Between 1993 and 1997, Land Rover imported fewer than 7000 Defender 90s to North America. If you want one, prepare to pay up; prime, low-mileage examples trade for around $100,000. Even the nicest North American Specification (NAS) Defender, however, is old enough to buy beer and wasn’t exactly a paragon of reliability on the day it arrived at the dealer lot. By now, even a good one will likely present leaks from above (the ill-sealing doors) and below (transmission, transfer case, and the 182-hp Rover V-8, which is actually a Buick aluminum-block design from the early 1960s). But what if you could have the blocky charm of an NAS D90 combined with modern horsepower and amenities for about the same price as a nice, used one? For those who care more about driving than originality, Osprey Custom Cars in Wilmington, North Carolina, builds some of the nicest Defenders that never were.

Company founder Aaron Richardet began restoring Defenders in 2009 and eventually realized a truism that applies to any sufficiently thorough restoration: If you’re replacing nearly every component anyway, you may as well just start from scratch. “We’ll do it either way, as a restoration or from the ground up,” Richardet said, “but you end up at about the same price.”

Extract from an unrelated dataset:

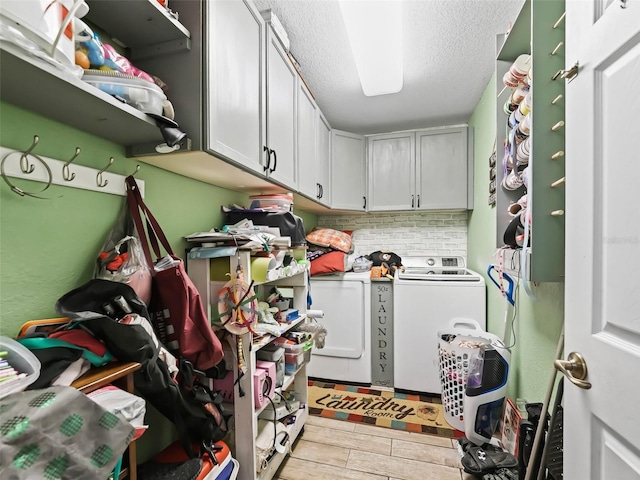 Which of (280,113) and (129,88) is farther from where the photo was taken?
(280,113)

Jeremy M. LangeCar and Driver

Defender parts are plentiful, and Osprey constructs its trucks from a combination of OEM, aftermarket, and rebuilt components. The frame of the truck we drove was new, galvanized and powder-coated (the old belt-and-suspenders approach to corrosion prevention). Its General Motors-sourced 5.3-liter V-8, while more modern than the NAS Rover V-8, was rebuilt. Richardet likes the 5.3-liter V-8 for Defender builds, but GM Performance doesn’t offer it as a crate engine. “The 5.3 is really perfect for Defenders,” he said. “GM had this engine dialed. It’s happy at the amount of power it makes, and it runs cool. You see plenty of Tahoes and Suburbans with these things in them running around with 300,000 miles.” As installed in this Defender, Osprey claims 325 horsepower and 330 pound-feet of torque.

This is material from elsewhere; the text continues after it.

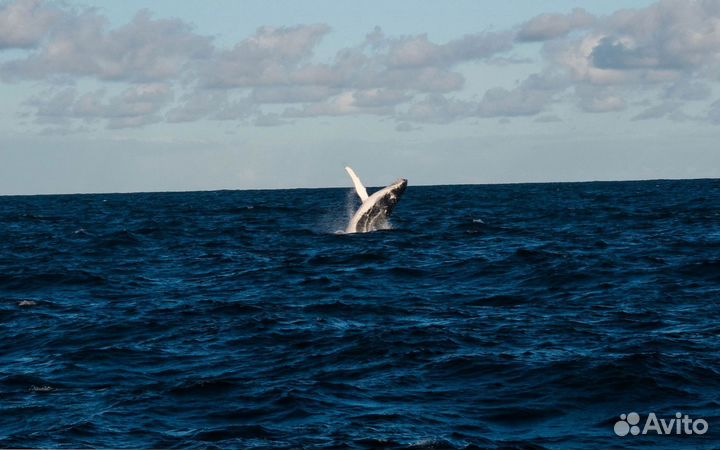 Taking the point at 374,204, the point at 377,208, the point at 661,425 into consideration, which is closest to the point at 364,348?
the point at 661,425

The 5.3-liter is hooked to a 6L80E six-speed automatic transmission that’s programmed to keep engine revs low unless you really hoof the throttle, in which case the stubby four-by-four unleashes a bellicose holler through its Cherry Bomb muffler and accelerates with an urgency totally at odds with its toolshed-on-wheels proportions. An automatic-equipped NAS Defender from the ’90s will frequently downshift out of top gear at highway speeds, its old Rover V-8 fighting ongoing skirmishes with the wind. The Osprey has no such problem, but high-speed interstate travel isn’t really its forte. You can build a Defender as fine as you please, but doing 75 mph in one will still feel like you’re riding Skylab out of orbit.

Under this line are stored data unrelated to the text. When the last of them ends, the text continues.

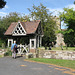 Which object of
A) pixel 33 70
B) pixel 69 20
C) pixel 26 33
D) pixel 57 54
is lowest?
pixel 33 70

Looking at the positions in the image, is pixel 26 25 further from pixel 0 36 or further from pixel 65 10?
pixel 0 36

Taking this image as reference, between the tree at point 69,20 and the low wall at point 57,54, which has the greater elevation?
the tree at point 69,20

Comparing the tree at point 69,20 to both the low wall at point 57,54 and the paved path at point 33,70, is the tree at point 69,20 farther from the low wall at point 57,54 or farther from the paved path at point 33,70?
the paved path at point 33,70

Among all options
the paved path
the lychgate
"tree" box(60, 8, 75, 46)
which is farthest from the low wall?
the paved path

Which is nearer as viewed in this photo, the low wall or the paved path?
the paved path

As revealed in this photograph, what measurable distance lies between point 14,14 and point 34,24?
92.1 feet

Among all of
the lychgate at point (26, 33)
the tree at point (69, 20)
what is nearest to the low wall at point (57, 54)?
the lychgate at point (26, 33)

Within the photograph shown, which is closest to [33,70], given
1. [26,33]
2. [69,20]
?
[26,33]

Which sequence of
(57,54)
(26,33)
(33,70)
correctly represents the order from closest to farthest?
(33,70)
(57,54)
(26,33)

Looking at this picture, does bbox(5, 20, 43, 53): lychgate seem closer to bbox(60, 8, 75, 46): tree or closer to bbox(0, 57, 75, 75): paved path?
bbox(60, 8, 75, 46): tree

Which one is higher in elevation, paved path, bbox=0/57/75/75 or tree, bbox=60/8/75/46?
tree, bbox=60/8/75/46

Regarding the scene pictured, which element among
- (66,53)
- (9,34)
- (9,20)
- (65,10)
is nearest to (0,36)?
(9,20)

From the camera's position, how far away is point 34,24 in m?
18.8

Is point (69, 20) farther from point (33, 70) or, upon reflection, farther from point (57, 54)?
point (33, 70) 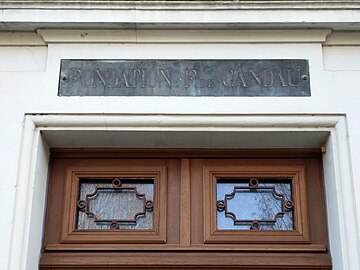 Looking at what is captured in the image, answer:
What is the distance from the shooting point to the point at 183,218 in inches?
181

It’s better to take it easy, roll down the front windows and unzip the plastic rear ones on the canvas top. Activate your heated seat if it’s chilly, crank some air conditioning if it’s not. The Osprey doesn’t offer the sophisticated luxury of, oh, a Jeep Wrangler, but it does marry that jaunty old-school Defender charisma with modern features: LED headlights, remote start, a 7.0-inch Pioneer touchscreen with a backup camera. The four side-facing rear seats mean that the Osprey seats six, provided the four in back don’t mind extended eye contact (or avoiding same). It’s an agreeable way to go get some ice cream.

Jeremy M. LangeCar and Driver

While Osprey doesn’t offer an official warranty, there’s a tacit understanding that the company will support the product if gremlins creep up. Richardet and his team put shakedown miles on each new build, and in this case we helped with that. A two-hour highway drive exposed an occasional hiccup in the driveline that turned out to be a transmission calibration issue. Osprey worked it out after we surrendered the truck, since this one was on its way to its new owner the week after we sampled it. Even at more than $100,000, these trucks don’t linger long in the showroom.

Osprey will build you a Defender considerably nuttier than this one—one recent LS3-powered Defender pickup cost nearly $200,000—as will companies like Himalaya and East Coast Defender. But at this price, in this spec, Osprey’s creation represents the Defender Singularity, the point where new and used prices intersect. You don’t get that Land Rover “Solihull Warwickshire” numbered build plate, but you do get power, reliability, and heated seats. The Osprey is also notable for what you don’t get. After driving it for two weeks, it didn’t leave a spot on our driveway.